Signifying “beginnings and transitions,” he’s depicted with two faces — one looking to the past and the other to the future. The month of January was of course named for this deity, and that’s why Morella, the former Republican congresswoman from Maryland, said it was the perfect time to confront an issue that both haunts her history and looms ahead for all of American politics: the state of the campaign finance system.

Morella was one of more than a half dozen current or former members of Congress gathered for a Brookings summit on campaign finance reform, there to tell horror stories about how the system presently works and offer potential fixes. Among other things, the politicians gave testimony to how much raising money can be a distraction from governing.

The most striking remarks came from New York Rep.
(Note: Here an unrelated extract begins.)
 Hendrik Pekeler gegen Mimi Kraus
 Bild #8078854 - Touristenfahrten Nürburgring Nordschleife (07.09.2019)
Steve Israel, a member of the House Democratic leadership, who says he’s declining to seek re-election over “a fund-raising regime that’s never been more dangerous to our democracy.” He said he’s most happy to be giving up “call time,” the process of phoning people for campaign donations, to which he claims to have devoted 4,200 hours.

“It was tantamount to looking at my schedule and seeing, ‘from 1 to 3, waterboarding,'” Israel said. He also compared the process to selling stocks on Wall Street, with the need to “always be closing.” He said the experience took up so much time that it often conflicted with his duties as a representative.

“When votes are called and you’re in the middle of call time, it becomes an impediment,” he said.

Democrat Tim Wirth, a former U.S. senator from Colorado, agreed. “It’s really corroding of who you are,” he said.

In addition to the powerful interests who have lined up against campaign finance reform, Maryland Rep. John Sarbanes said another challenge is galvanizing the American people around the issue. The Democrat said that when voters read stories about money in politics their eyes glaze over, because coverage focuses on fights between faceless super PACs or billionaire donors.

“You’re not interested in that. You don’t see yourself in the story,” he said. Instead, Sarbanes told activists to focus on the human angle of the issue, including Americans who want to run for office but can’t do so because they don’t have huge amounts of money.

Asked by InsideSources about resistance to reform in Congress, he said members worry voters “will somehow tag them as being hypocritical” since they’re all participants in the current system. “What I tell them, based on my experience, is the public is very capable of distinguishing between a current broken system … and the aspirations that we have to go change the system,” he said.

Another speaker with a message to activists was Zephyr Teachout, the Fordham University law professor and 2014 Democratic gubernatorial candidate in New York. “Your job is just to stop saying things can’t happen,” she said. “You have to stop being pundits and start being patriots.”